Problem to work on.
The lines wanted run from the first one below through the one with "Used 2021 Tesla Model Y Long Range image 12". Return them exactly.

Available data Start Marker

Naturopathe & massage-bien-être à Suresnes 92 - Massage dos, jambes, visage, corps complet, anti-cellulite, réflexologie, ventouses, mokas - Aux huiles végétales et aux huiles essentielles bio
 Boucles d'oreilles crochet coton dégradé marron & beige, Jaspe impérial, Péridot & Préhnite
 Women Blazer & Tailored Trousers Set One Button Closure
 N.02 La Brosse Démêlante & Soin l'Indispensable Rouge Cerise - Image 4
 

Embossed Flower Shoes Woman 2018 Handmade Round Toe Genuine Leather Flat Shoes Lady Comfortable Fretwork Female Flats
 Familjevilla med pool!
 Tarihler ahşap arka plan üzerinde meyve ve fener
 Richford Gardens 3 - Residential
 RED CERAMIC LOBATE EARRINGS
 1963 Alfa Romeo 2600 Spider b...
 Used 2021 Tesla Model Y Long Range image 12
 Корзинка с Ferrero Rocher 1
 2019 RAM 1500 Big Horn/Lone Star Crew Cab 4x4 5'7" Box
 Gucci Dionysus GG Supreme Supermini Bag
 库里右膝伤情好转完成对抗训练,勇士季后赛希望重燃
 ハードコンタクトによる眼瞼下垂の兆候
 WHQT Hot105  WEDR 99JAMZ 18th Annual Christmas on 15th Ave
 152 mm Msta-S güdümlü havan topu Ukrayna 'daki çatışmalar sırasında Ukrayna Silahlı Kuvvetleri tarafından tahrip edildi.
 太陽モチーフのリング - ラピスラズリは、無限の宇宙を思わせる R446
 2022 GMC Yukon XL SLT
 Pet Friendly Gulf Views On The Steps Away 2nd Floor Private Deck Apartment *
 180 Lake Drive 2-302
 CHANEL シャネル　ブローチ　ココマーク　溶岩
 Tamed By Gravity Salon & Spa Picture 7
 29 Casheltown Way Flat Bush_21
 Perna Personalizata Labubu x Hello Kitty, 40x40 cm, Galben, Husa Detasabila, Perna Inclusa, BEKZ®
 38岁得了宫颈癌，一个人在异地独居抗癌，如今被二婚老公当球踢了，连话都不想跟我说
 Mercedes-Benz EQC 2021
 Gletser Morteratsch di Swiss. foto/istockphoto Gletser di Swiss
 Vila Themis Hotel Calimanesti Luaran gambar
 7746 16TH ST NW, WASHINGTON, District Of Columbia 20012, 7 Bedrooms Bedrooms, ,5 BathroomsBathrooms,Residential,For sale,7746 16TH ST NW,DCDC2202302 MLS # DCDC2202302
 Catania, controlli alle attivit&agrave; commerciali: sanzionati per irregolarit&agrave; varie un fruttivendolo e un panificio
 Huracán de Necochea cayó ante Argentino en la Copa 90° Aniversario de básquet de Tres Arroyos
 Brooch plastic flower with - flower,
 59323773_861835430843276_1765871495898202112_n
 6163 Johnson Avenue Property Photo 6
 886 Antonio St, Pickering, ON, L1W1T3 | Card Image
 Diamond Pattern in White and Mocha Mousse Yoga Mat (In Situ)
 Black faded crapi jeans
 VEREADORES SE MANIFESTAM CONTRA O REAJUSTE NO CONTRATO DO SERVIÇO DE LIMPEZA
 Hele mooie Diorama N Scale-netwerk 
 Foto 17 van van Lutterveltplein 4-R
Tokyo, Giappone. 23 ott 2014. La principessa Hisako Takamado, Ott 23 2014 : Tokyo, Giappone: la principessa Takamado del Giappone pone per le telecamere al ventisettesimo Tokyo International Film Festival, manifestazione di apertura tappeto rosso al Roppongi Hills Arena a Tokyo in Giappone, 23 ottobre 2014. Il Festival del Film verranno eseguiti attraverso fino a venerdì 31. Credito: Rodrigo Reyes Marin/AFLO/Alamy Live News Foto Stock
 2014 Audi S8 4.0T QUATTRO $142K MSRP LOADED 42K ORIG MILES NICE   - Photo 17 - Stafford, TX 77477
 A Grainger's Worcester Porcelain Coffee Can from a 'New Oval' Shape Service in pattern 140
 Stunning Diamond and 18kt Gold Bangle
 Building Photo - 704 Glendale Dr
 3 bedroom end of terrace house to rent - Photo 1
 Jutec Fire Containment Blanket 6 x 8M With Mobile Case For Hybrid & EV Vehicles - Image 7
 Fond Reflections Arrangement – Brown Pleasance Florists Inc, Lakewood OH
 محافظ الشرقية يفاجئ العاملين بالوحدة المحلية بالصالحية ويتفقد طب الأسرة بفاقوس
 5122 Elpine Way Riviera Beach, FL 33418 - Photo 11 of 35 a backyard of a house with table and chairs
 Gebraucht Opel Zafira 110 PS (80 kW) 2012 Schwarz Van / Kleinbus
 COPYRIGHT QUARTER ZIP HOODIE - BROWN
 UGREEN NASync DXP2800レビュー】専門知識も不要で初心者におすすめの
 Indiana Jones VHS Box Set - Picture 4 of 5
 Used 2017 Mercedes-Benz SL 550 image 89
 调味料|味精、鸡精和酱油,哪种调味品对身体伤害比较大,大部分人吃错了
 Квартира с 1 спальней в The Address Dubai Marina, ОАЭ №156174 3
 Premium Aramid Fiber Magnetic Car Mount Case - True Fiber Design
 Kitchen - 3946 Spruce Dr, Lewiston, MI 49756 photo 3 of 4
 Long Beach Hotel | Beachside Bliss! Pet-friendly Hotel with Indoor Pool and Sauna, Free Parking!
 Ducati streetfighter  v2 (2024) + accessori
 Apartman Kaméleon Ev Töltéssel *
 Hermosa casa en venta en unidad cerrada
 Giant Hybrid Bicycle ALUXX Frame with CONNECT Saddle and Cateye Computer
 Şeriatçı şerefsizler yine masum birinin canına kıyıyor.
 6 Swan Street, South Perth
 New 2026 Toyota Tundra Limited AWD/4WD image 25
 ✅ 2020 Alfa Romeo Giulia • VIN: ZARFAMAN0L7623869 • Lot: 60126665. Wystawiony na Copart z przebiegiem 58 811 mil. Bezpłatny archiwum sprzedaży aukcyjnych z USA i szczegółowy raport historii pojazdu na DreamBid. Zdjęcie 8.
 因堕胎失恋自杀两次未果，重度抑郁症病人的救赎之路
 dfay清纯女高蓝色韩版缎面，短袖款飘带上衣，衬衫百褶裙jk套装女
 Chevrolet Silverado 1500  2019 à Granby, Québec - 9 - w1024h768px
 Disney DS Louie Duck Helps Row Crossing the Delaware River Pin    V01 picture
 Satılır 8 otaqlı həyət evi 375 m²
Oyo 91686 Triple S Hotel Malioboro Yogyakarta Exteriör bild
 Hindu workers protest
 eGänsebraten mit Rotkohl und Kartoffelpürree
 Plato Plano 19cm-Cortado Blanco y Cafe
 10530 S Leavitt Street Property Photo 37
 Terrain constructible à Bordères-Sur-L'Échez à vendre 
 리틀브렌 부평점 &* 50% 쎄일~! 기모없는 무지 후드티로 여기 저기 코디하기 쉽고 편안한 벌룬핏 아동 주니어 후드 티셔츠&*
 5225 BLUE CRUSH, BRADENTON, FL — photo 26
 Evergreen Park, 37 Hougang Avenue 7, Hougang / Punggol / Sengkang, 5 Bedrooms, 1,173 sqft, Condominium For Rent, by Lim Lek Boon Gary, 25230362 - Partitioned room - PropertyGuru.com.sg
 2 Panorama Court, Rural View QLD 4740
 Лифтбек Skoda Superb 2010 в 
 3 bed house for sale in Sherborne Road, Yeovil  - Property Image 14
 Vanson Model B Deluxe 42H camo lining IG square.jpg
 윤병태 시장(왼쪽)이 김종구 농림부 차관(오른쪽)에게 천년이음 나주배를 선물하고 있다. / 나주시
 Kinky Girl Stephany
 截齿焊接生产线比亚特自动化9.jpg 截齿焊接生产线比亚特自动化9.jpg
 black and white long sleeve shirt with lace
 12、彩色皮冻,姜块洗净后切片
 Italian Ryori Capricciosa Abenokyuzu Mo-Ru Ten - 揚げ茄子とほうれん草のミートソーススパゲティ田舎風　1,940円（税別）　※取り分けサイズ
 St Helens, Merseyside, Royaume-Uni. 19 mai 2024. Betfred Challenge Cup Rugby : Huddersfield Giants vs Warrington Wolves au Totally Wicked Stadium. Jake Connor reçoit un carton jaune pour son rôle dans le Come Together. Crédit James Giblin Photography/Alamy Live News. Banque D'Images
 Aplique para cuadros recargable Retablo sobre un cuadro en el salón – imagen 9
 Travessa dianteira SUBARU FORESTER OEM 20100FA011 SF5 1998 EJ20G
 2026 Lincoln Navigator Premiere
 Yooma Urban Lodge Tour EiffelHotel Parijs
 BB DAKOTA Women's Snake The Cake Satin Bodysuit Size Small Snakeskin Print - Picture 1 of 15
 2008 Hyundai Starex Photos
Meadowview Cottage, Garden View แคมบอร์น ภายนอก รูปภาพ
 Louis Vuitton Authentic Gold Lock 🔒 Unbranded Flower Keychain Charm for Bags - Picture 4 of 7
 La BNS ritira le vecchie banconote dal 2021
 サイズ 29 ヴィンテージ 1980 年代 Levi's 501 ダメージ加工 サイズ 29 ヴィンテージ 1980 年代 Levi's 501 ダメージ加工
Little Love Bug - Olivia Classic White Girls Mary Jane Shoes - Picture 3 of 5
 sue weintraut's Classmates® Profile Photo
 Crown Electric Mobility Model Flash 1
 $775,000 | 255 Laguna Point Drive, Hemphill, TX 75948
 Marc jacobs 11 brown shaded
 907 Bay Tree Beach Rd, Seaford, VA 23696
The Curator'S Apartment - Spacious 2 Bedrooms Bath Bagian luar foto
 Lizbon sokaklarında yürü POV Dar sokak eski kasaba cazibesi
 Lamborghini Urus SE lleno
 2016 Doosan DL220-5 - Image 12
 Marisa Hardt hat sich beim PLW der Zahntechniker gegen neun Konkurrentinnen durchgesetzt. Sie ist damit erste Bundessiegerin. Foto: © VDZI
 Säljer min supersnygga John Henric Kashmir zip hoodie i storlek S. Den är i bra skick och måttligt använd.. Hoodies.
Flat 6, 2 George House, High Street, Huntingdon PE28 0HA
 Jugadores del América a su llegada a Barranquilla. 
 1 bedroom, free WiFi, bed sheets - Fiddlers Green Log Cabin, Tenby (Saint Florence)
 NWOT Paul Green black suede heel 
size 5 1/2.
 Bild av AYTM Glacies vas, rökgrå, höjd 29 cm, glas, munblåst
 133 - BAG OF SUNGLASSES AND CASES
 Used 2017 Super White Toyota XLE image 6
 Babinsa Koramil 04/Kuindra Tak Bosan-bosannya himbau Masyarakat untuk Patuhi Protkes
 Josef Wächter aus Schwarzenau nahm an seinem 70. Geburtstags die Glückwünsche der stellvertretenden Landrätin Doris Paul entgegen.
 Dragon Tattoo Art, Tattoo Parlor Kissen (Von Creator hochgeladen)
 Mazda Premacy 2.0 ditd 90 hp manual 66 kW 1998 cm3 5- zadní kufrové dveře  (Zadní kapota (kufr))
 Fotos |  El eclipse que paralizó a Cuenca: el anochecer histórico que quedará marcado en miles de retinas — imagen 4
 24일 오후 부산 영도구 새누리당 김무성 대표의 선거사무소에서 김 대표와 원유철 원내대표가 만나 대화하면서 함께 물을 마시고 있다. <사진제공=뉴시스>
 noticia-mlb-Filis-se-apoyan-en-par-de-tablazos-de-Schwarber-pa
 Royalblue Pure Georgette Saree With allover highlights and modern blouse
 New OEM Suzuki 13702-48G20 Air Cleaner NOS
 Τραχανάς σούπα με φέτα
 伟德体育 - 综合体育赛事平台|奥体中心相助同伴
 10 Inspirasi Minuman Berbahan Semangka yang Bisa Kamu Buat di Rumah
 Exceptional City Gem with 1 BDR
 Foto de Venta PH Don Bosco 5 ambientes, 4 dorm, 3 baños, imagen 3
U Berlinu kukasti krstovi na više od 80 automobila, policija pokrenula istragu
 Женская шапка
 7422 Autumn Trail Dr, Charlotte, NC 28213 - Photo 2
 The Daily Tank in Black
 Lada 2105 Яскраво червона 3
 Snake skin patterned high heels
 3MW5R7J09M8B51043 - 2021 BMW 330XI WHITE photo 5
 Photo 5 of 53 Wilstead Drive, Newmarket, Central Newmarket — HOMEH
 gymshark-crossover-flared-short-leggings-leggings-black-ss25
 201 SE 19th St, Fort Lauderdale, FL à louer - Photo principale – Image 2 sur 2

Available data End Marker

Expected output.
Naturopathe & massage-bien-être à Suresnes 92 - Massage dos, jambes, visage, corps complet, anti-cellulite, réflexologie, ventouses, mokas - Aux huiles végétales et aux huiles essentielles bio
 Boucles d'oreilles crochet coton dégradé marron & beige, Jaspe impérial, Péridot & Préhnite
 Women Blazer & Tailored Trousers Set One Button Closure
 N.02 La Brosse Démêlante & Soin l'Indispensable Rouge Cerise - Image 4
 

Embossed Flower Shoes Woman 2018 Handmade Round Toe Genuine Leather Flat Shoes Lady Comfortable Fretwork Female Flats
 Familjevilla med pool!
 Tarihler ahşap arka plan üzerinde meyve ve fener
 Richford Gardens 3 - Residential
 RED CERAMIC LOBATE EARRINGS
 1963 Alfa Romeo 2600 Spider b...
 Used 2021 Tesla Model Y Long Range image 12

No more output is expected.